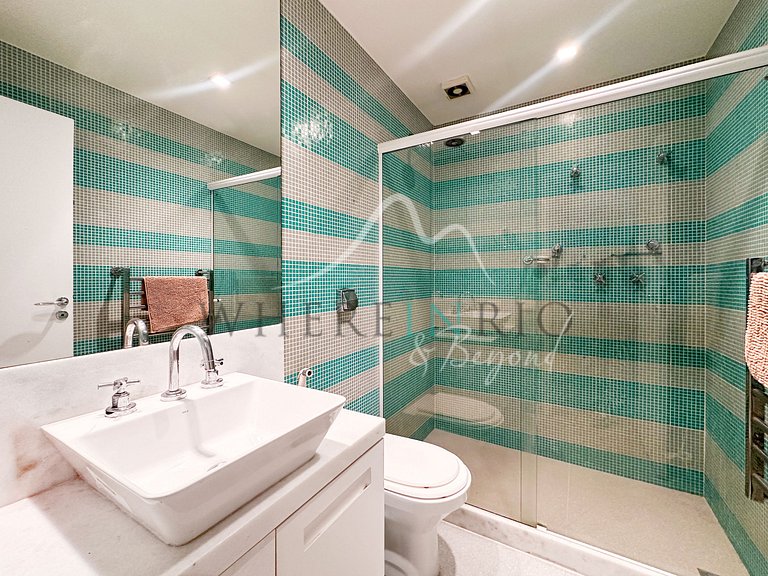 Beachfront apartment in Copacabana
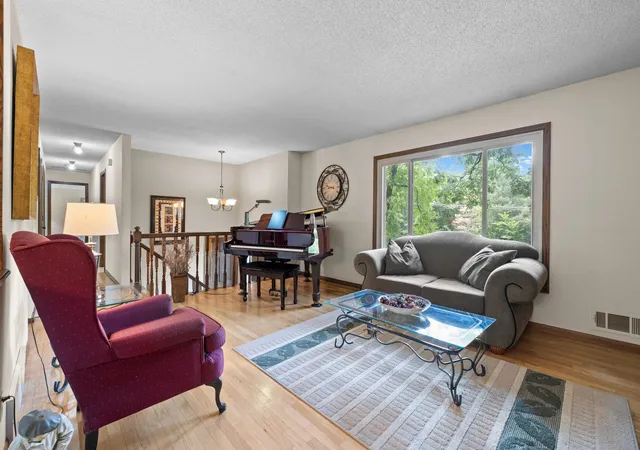 Photo 4 of Single family home for sale at 4115 Williston Rd, Minnetonka, MN 55345 | MLS# 7109247 | Listing updated on 2026-08-22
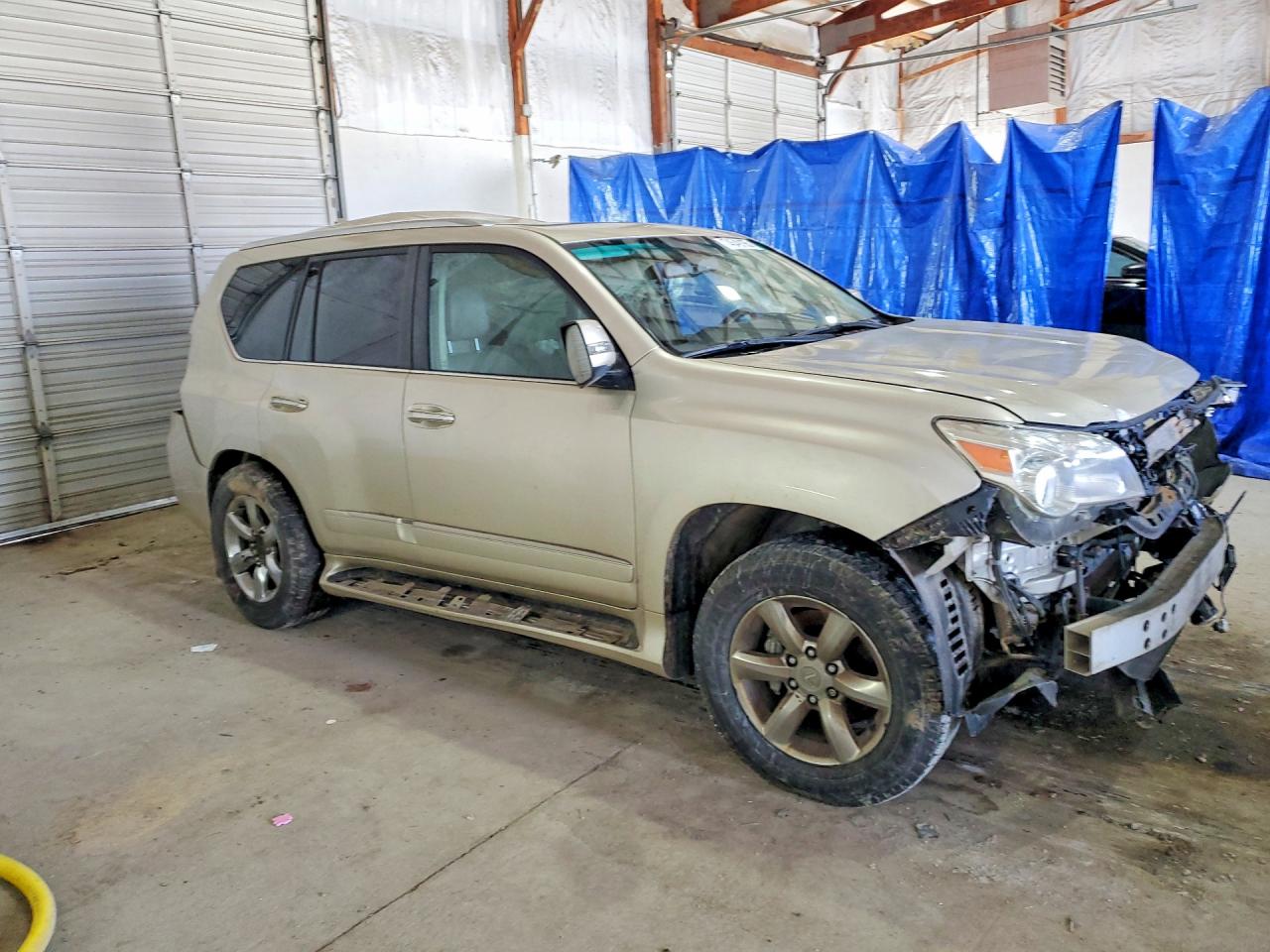 2010 LEXUS GX 460 PREMIUM photo 4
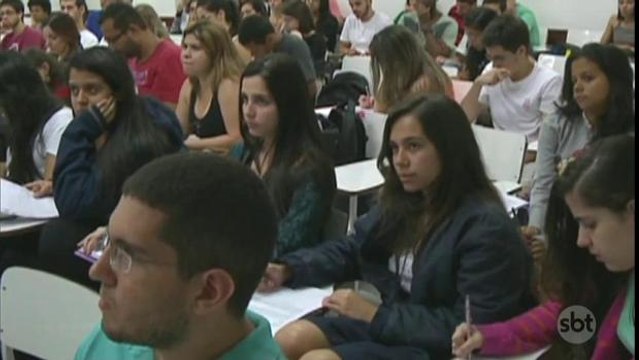 Estudantes usam a tecnologia na preparação para o Enem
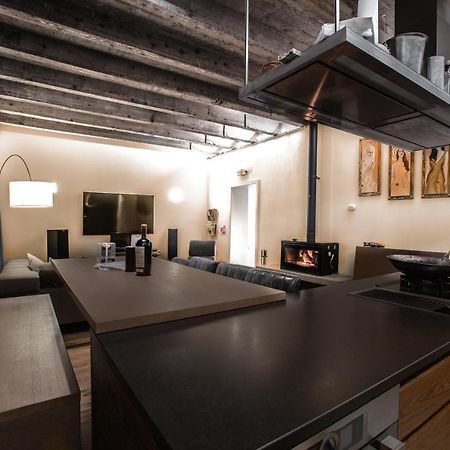 Contemporary Apartment With Fireplace & Terrace Banská Bystrica Eksteriør billede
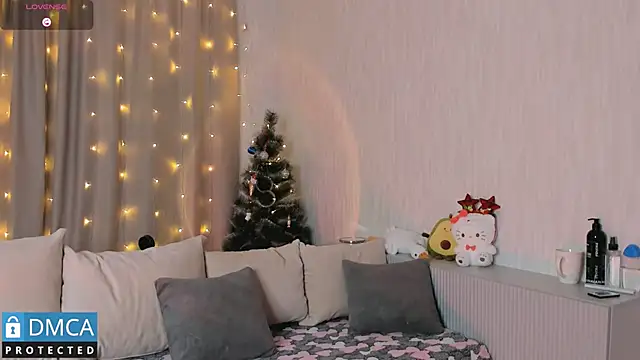 CuteEllis online show from December 28, 2024, 2:21 pm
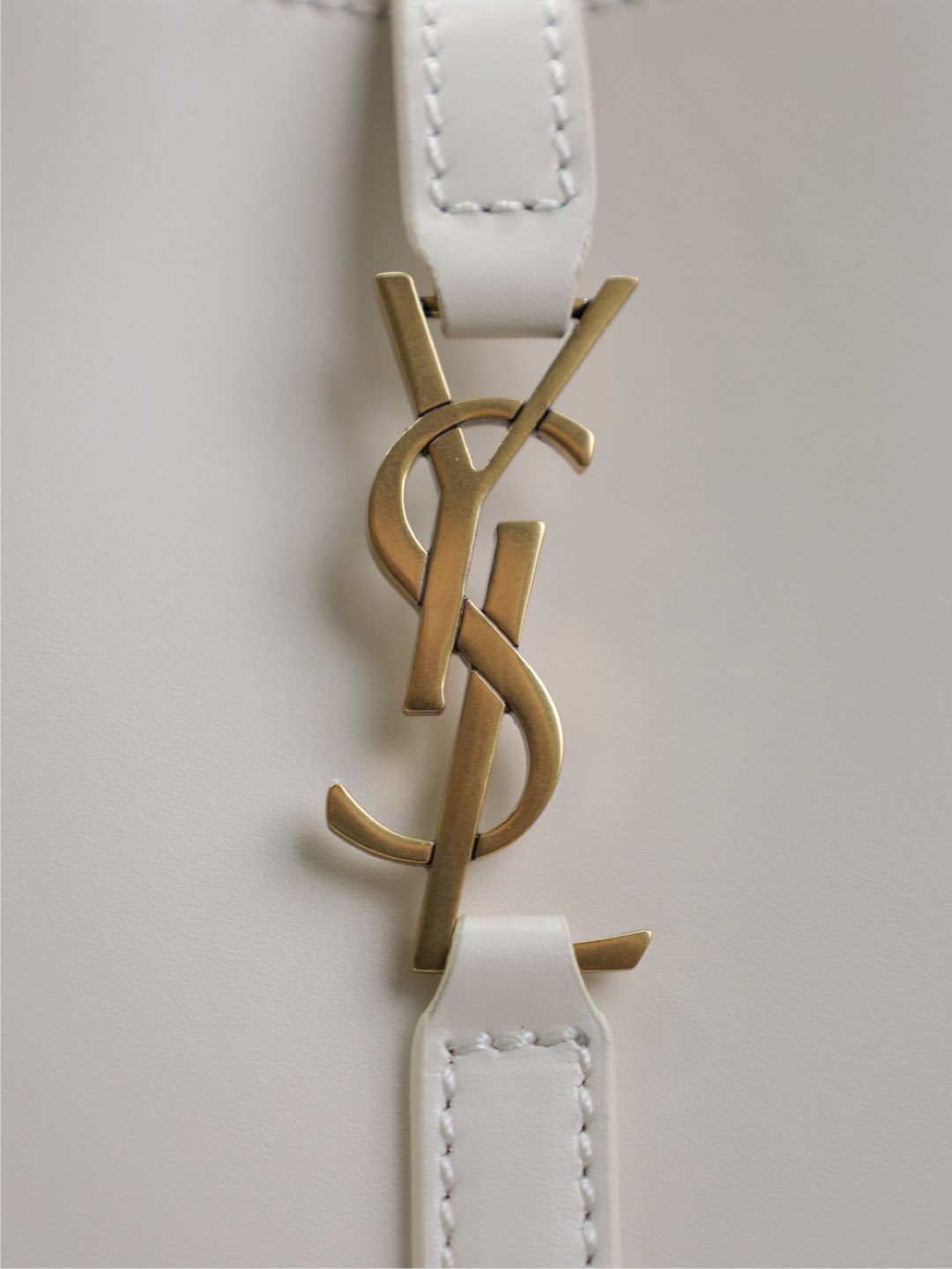 LE 5 À 7 PHONE BAG 18 IN WHITE CALFSKIN mysite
-------
### [Try it]
Please restate the entries word for word, with all pictures left out.

### [Response]
 Beachfront apartment in Copacabana
 Photo 4 of Single family home for sale at 4115 Williston Rd, Minnetonka, MN 55345 | MLS# 7109247 | Listing updated on 2026-08-22
 2010 LEXUS GX 460 PREMIUM photo 4
 Estudantes usam a tecnologia na preparação para o Enem
 Contemporary Apartment With Fireplace & Terrace Banská Bystrica Eksteriør billede
 CuteEllis online show from December 28, 2024, 2:21 pm
 LE 5 À 7 PHONE BAG 18 IN WHITE CALFSKIN mysite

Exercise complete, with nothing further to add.